American politician (1948–2015)

James Ernest Goins (August 31, 1948 – June 7, 2015) was a Lumbee politician who served as the chairman of the Lumbee Tribe of North Carolina from 2004 to 2010. As Tribal Chairman, Goins led efforts to gain federal recognition for the Lumbee Tribe during the 2000s. During Goins' tenure, the tribe held state recognition in North Carolina, but had not yet received federal recognition. On December 18, 2025, a decade after Goins death, the Lumbee Tribe obtained federal recognition with the passing of the Lumbee Fairness Act within the 2026 National Defense Authorization Act.

==Early life==
Goins was born on August 31, 1948, to Ernest and Ola Lee Goins. He was raised in Prospect, North Carolina. In 1965, Goins was a member of the Prospect High School basketball team which won the Indian Basketball Championship. Goins later served as an infantry squad leader with the 504th Infantry Regiment of the 82nd Airborne Division during the Vietnam War.

==Political career==
Jimmy Goins served as the Chairman of the Lumbee Tribe for six years from 2004 until 2010. As Chairman, Goins led efforts to achieve federal recognition for the Lumbee during the 2000s. He testified before the United States Senate Committee on Indian Affairs in September 2007 in an effort to gain recognition. In 2010, Goins signed a controversial lobbying contract with a Nevada-based gaming consultant.

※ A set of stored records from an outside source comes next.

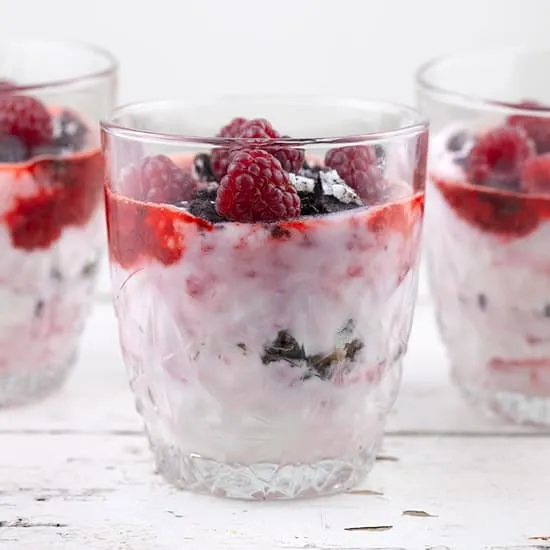 Aardbeien en frambozentoetje in een glas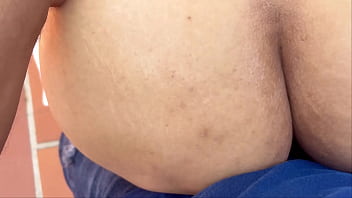 Perrita nalgona es soprendida meando en la calle y recibe la verga de un desconocido directo al coño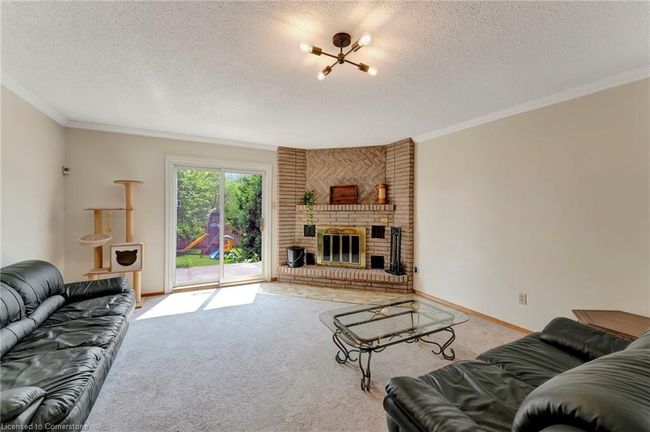 182 Solomon Cres, House other with 4 bedrooms, 3 bathrooms and 5 parking in Hamilton ON | Image 13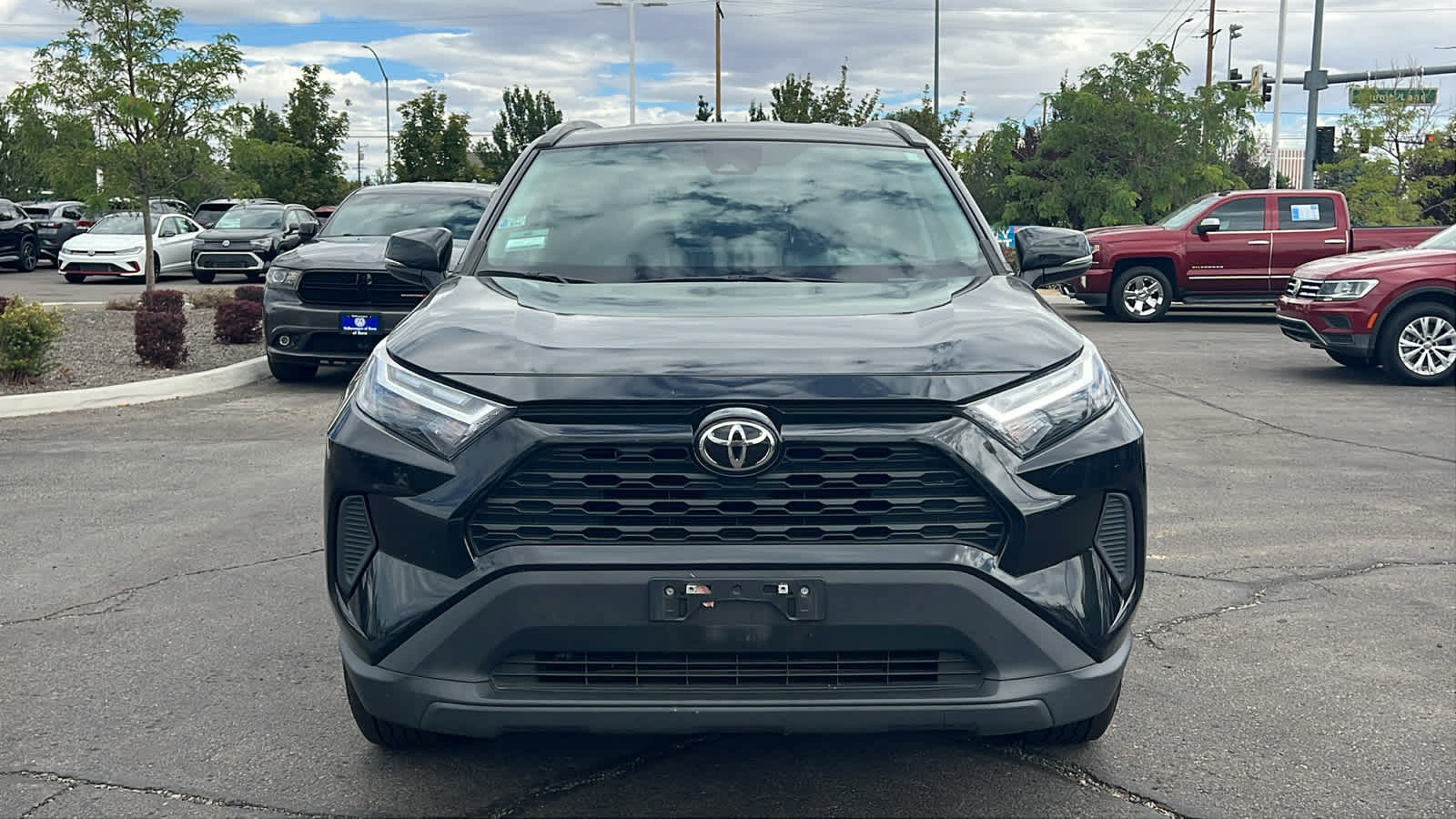 2022 Toyota RAV4 XLE photo 2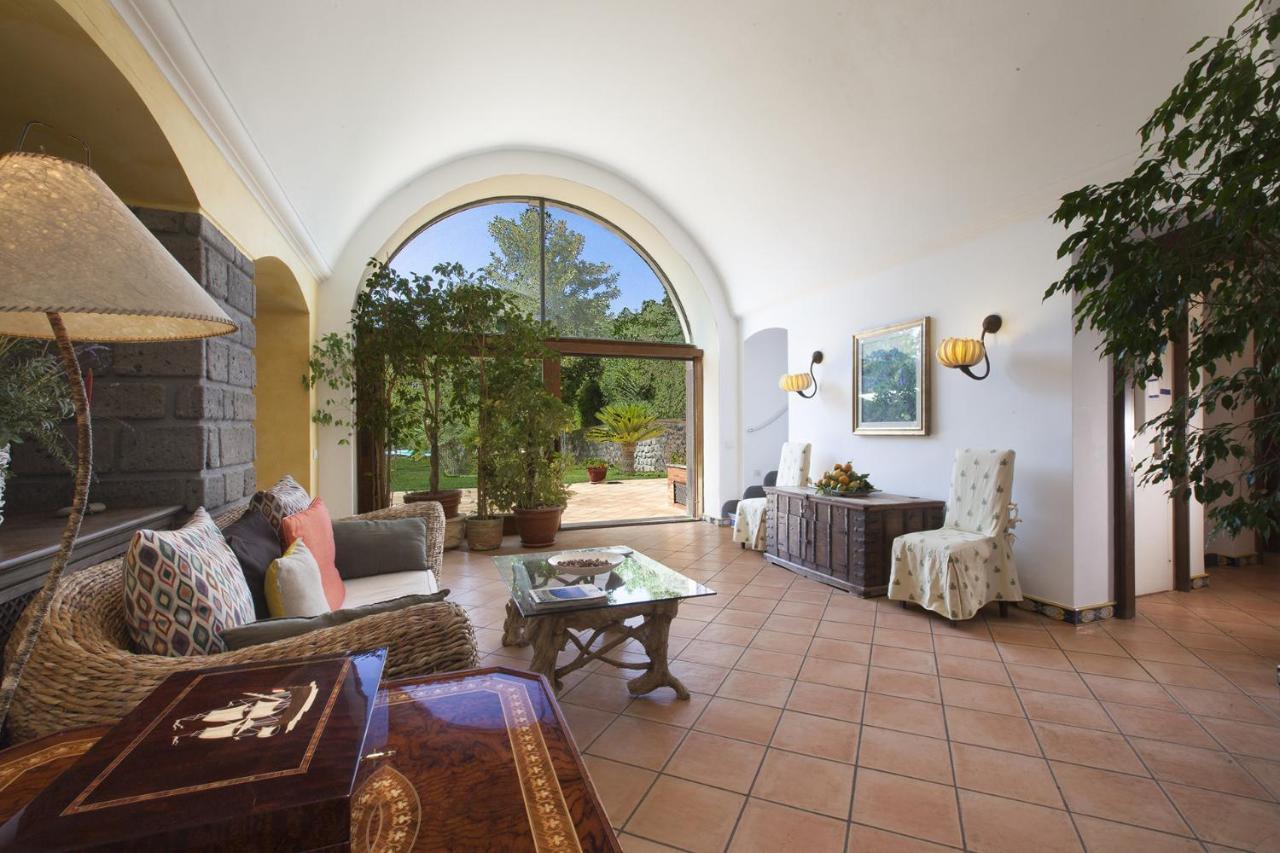 Amore Rentals - Residence Bosco Sant'Agata sui due Golfi Bagian luar foto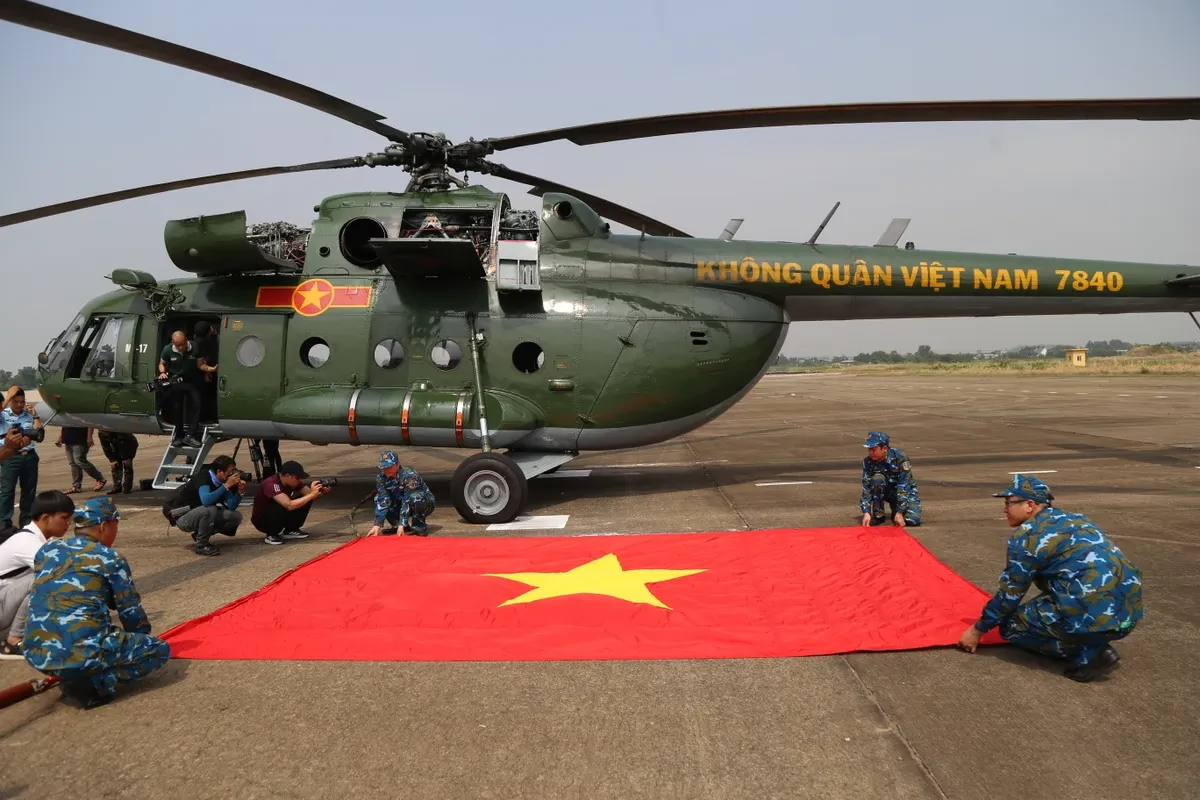 Trực thăng kéo cờ diễn tập cho lễ kỷ niệm 50 năm thống nhất đất nước
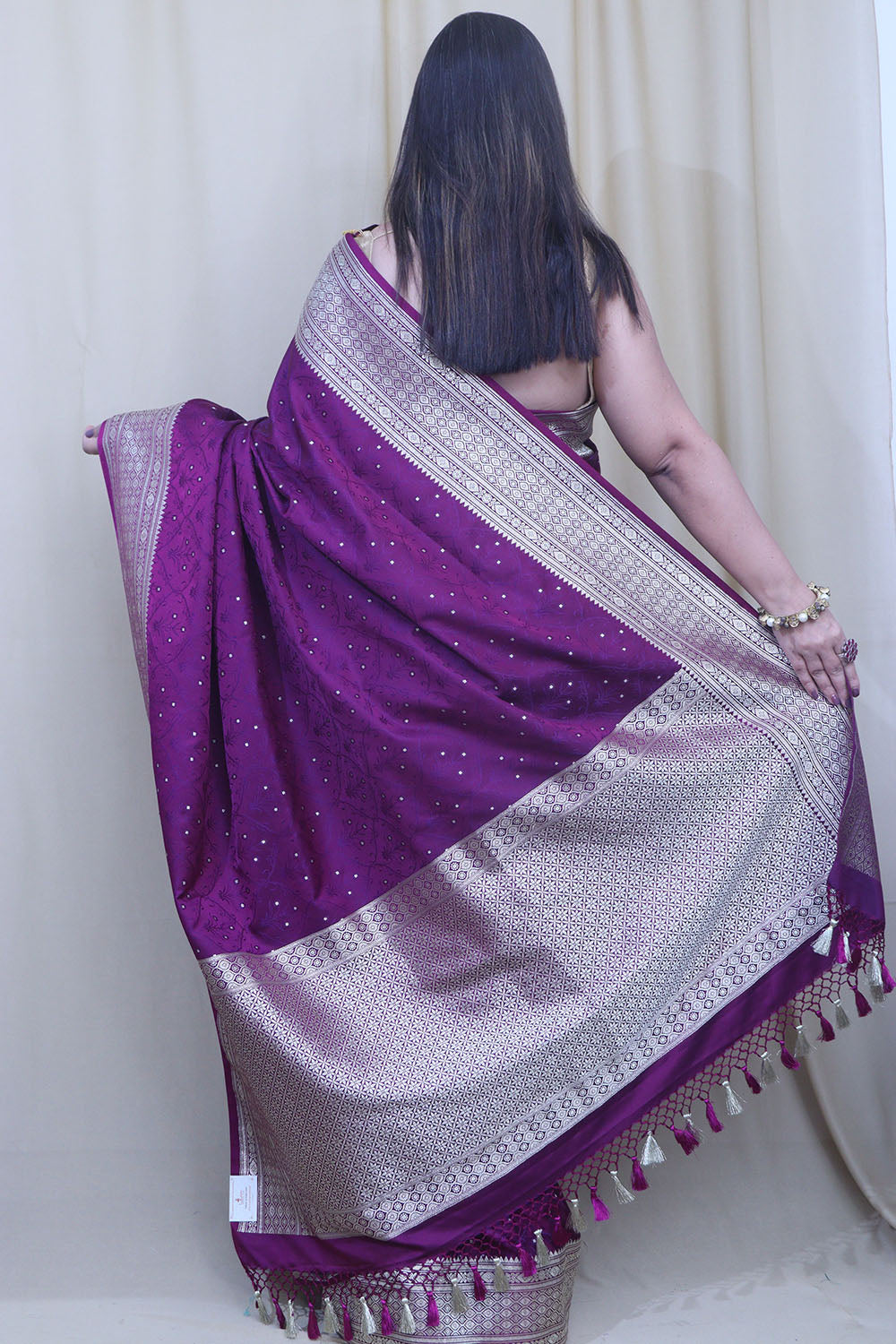 Exquisite Purple Banarasi Silk Saree - Luxurion World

Goins ran for Chairman again in 2012, but lost the election his successor, incumbent Lumbee Chairman Paul Brooks, on November 12, 2012. Brooks received 2,559 votes, or 52% of the vote, while Goins placed second with 2,042 votes (42%). A third candidate, Lynn Bruce Jacobs, received 298 votes (6%).

==Personal life==
Goins was a resident of Philadelphus, North Carolina. He and his wife, Diane Goins, had three daughters, Rhonda, Jackie and Jamie.

==Death==
Jimmy Goins was killed in a car accident at 1:30 p.m. on June 7, 2015, at the age of 66. Goins was driving on North Carolina Highway 71, approximately 4.4 miles from the town of Maxton, North Carolina, when the accident occurred. North Carolina Governor Pat McCrory and North Carolina First Lady Ann McCrory released a joint statement of condolence following Goins' death. McCrory ordered that all state flags be lowered to half staff in Goins' memory on June 11, 2015.

==Legacy==
In 2017, the North Carolina Department of Transportation honored Goins with a highway marker between Maxton and Red Springs. Goins was recognized for his public service and legacy. The resolution was presented on June 28, 2017, at the department’s board room, where his wife, family members, friends, and tribal leaders were in attendance. The effort was led by Spencer and Marshirl Locklear and state Senator Danny Britt. Grady Hunt, the first Lumbee member of the North Carolina Board of Transportation, also attended the ceremony.